In this respect Yi-Hsun Lai (2011) maintains that using visual aids “not only stimulate students’ learning interest, but students can also interact with these visual aids, and can relate them to their past experience or their daily life experience” (p. 3). This leads us to confirm that using visual aids properly in the teaching-learning process stimulate students to participate and be familiarized with their own experiences.
Not exempt of defining visual aids, M, Jessa (2008) claims that they “refer to graphs, maps, pictures etc. used as aids in learning” and these can be separable into four categories:
NON-Projected 2D: wall board, roll-up board, picture, poster, chart, cartoon, cue sheet, flannel board, flash card
NON-Projected 3D: cut-out, model, mock-up, puppet, marionette, diorama, vocabulary wheel, keyboard, teaching machine
Projected 3D: slide, transparency sheet, film strip, microfilm, videocassette, CD
Verbal: text book, supplementary reader, workbook, magazine, document, duplicated materials, reference book, newspapers, and clippings. (p. 93)

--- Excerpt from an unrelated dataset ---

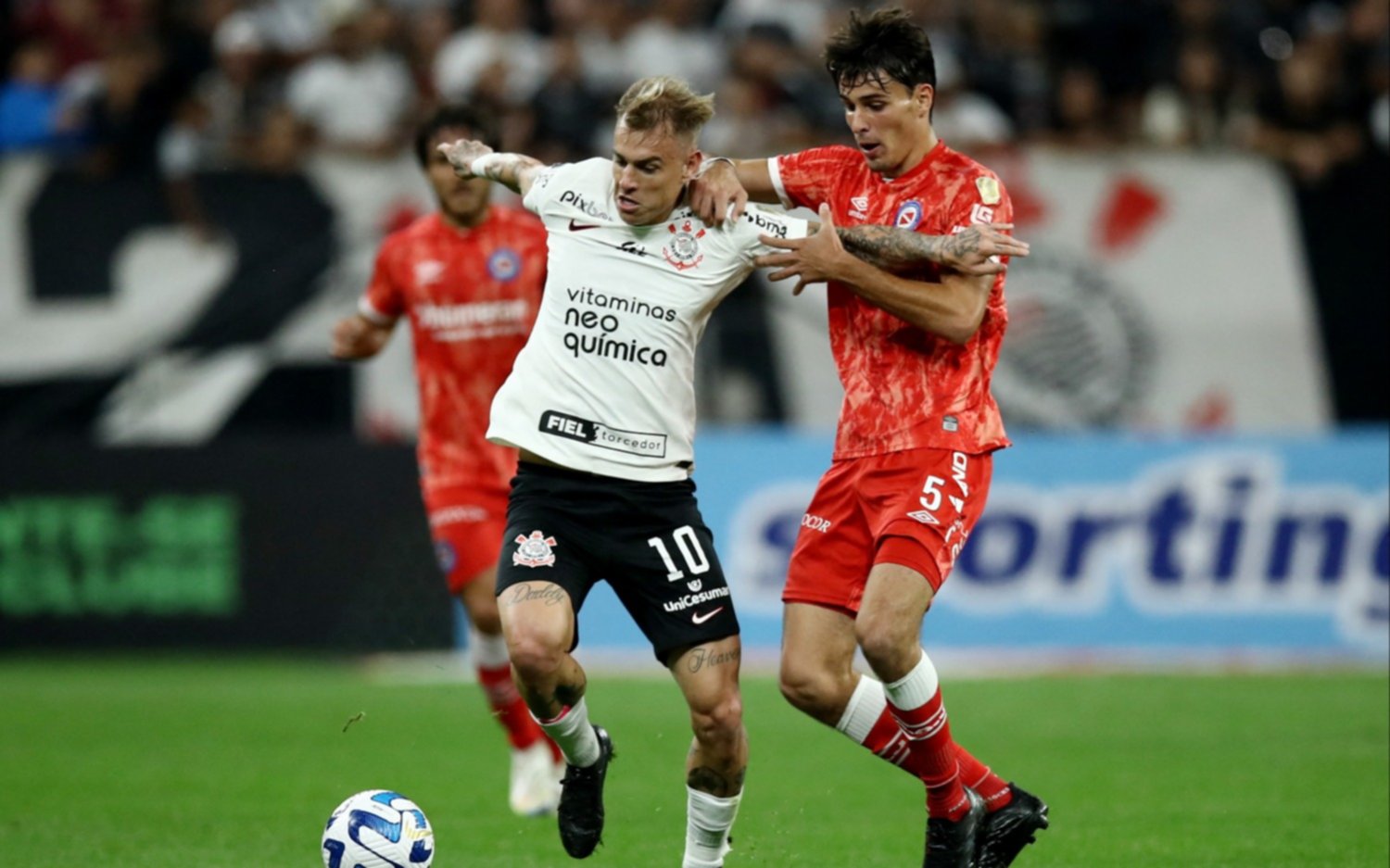 Tras la derrota contra Argentinos Juniors, Corinthians anunció a su nuevo DT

Regarding this categorization Callista (1938) suggests how visual aids contribute to the teaching-learning process pointing out that visual aids firstly “provide for the learner a concrete picture of the situation in question” (p. 4). Visual resources accompany what is verbally said and help to understand ambiguous situations. Moreover, the school and the teacher must provide interesting sources to offer attractive educative experiences to the students. Callista (1938) also asserts that “another significant value of visual aids is economy of time” (p. 3). Teachers in general must be aware of the time while teaching, and in order to make use of it according to the contents and the learning outcomes it is necessary to manage every single activity and save as much time as possible in order to fulfill the objectives of the lesson.

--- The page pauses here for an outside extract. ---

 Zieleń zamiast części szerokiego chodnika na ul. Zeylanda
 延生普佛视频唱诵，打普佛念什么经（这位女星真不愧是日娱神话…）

M. Aina (2006) establishes useful characteristic of visual aids and makes suggestions to prepare and use them inside the classroom. The author includes some
features of visual aids as well. The characteristics Aina (2006) contends are the following:
The pictures, maps and charts should be attractive and with suitable colors.

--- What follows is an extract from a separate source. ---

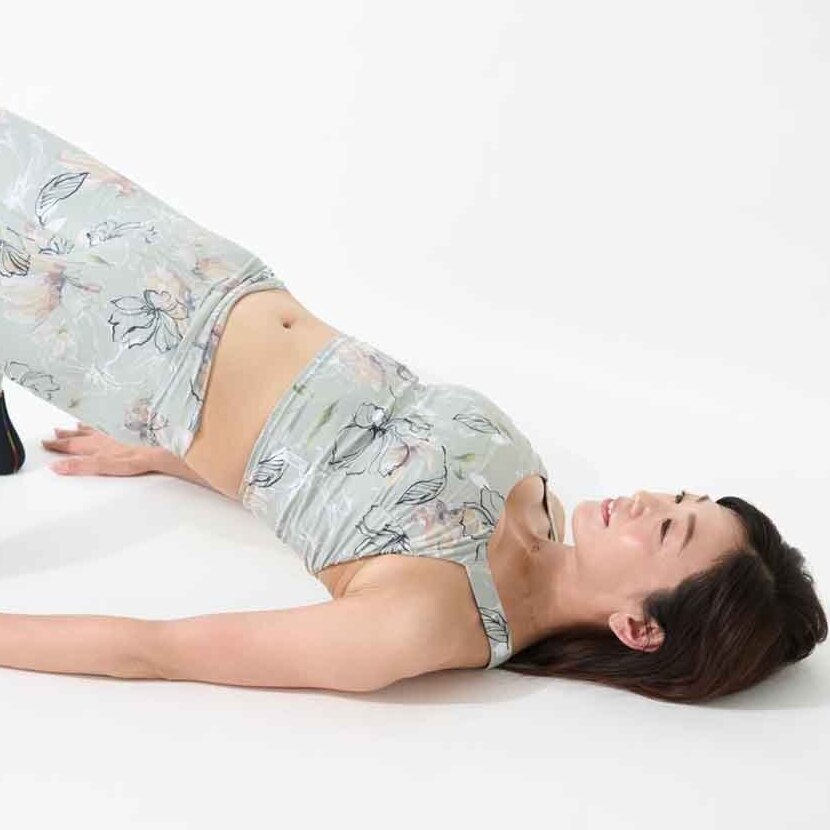 加齢に伴うぽっこり下腹＆垂れ尻を中島史恵さんのヨガでリセット！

Writing must be large enough and clear enough to be easily read from the back of the class.
The charts and posters should be accurate in spacing and planning.
The figures and the letters should be well formed.
Objects and pictures should be big enough for children to see from their sitting places.
There should be a great deal of pictures or materials to go round the children if possible.
Apparatus must be accurately prepared and be ready before the lesson.
Let all pupils first see any materials or apparatus before individuals or age group can see [them].
All pictures on the television must be clear and the radio should have a clear sound.
When preparing apparatus, the correct, accurate language and spelling must be considered. (p. 28)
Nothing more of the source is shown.